What works for increasing muscle mass?
I would recommend doing 2 sets of 8 - 10 repetitions of exercises that use the same muscles as cycling (squats, leg press, leg extension), by the last couple of reps you should be almost unable to complete the movement. Shoot for 10 each time, if you can do 10 increase the weight. Try to move as fast as possible if you want, you'll only move as fast as the force-velocity relationship allows anyway. If you have a weight that you can only do 10 times this probably will not be anywhere near the speed of movement in cycling. But that's all right, you just want to get your legs bigger (usually takes 6-8 weeks for size gains to show-up, but you'll get stronger at the exercises due to the neural component much sooner than that).

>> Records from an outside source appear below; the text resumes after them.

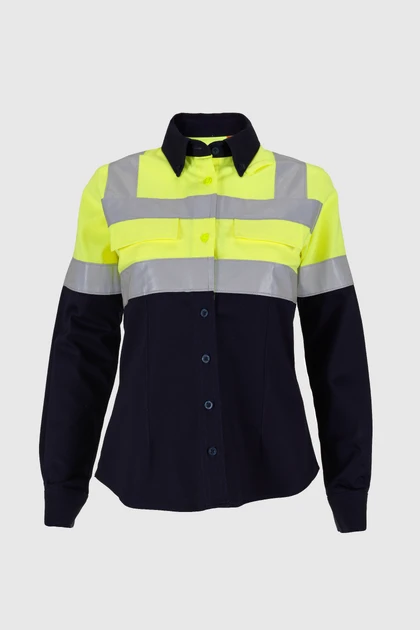 roughtek-camisa-natron-dama-amarillomarino-1 detalle 1
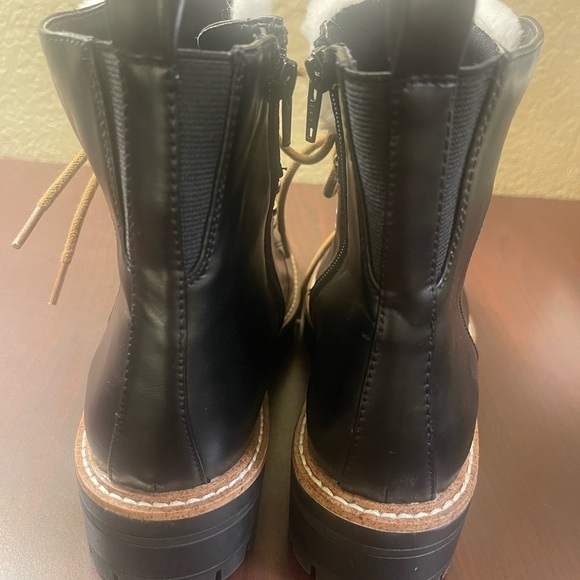 Target Black Combat Moto Boots with Rugged Sole - Picture 6 of 14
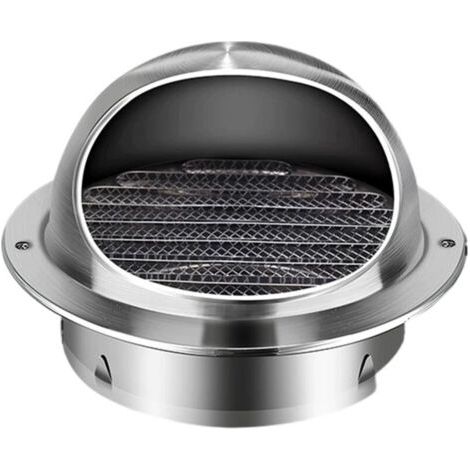Grille de ventilation extérieure en acier inoxydable, grille circulaire de chauffage et de ventilation, grille de ventilation de plafond (100 mm)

What about doing the high reps (15+, even 25 or 50+) some trainers recommend? I think research has shown that these produce almost no gains in size (or strength if your looking at the absolute (1 rep max) of a exercise). So why bother?
What about low repetitions, like 1-5, like powerlifters or olympic weightlifters use? These will certainly cause size gains but not as much as the 8-10 rep range, and strength gains probably involve a larger neuromuscular recruitment component than the 8-10 reps, and you're putting yourself at a greater risk of injury by using the higher weights.
In summary: Don't try to mimic cycling contraction speeds in the gym while weight lifting, do 8-10 reps to failure that use the same muscles as cyling. This should be the most effective way of producing size (transferable strength) gains.
Do on the bike workouts designed to increase your power. Be completely recovered and sprint for less than 30 seconds (either up hill or on the flat). This should provide the neural component (and perhaps some size increase stimulus as well) to your goal of increasing you're sprint (maximum) power.
Also a good workout for providing some kind of strengthening (size increase) stimulus to you're cycling muscles is to do a rolling hilly ride staying in big gear all the time. So that you grind up the hills in a low rpm (say 40 -60 rpm) (remember the force-velocity relationship) if you're muscles are contracting slower they're capable of producing higher forces. Don't try to go up the hills fast just grind your way up them (seated and standing).